◆ Data ◆
*-*-*
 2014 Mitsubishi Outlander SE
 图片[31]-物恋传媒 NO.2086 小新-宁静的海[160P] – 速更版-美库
*-*-*
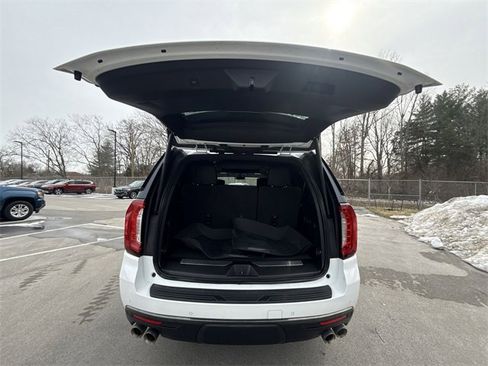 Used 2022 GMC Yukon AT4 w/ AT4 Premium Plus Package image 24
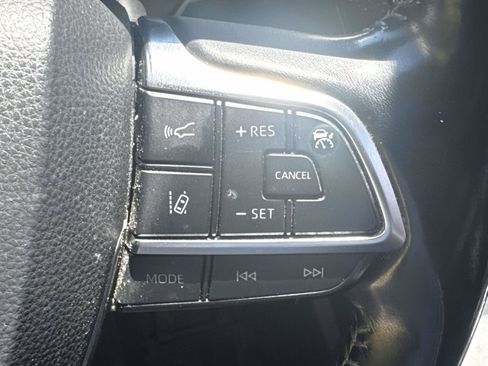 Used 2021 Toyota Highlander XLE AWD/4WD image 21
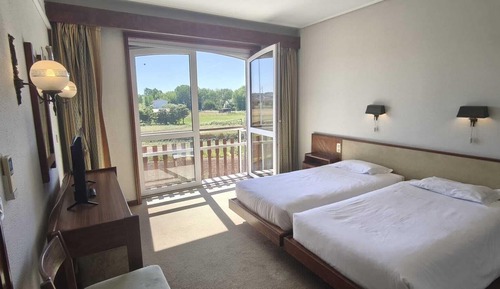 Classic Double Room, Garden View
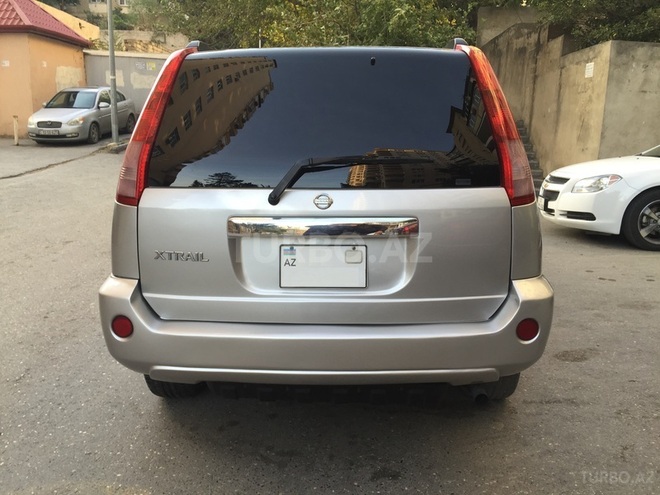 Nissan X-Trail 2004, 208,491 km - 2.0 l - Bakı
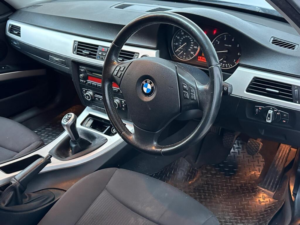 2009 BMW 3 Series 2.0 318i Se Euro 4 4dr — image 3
*-*-*
◆ Problem ◆
Repeat, without pictures, exactly the lines of the data above from the one containing "Classic Double Room, Garden View" through the one containing "2009 BMW 3 Series", including both and adding nothing.

◆ Solution below ◆
 Classic Double Room, Garden View
 Nissan X-Trail 2004, 208,491 km - 2.0 l - Bakı
 2009 BMW 3 Series 2.0 318i Se Euro 4 4dr — image 3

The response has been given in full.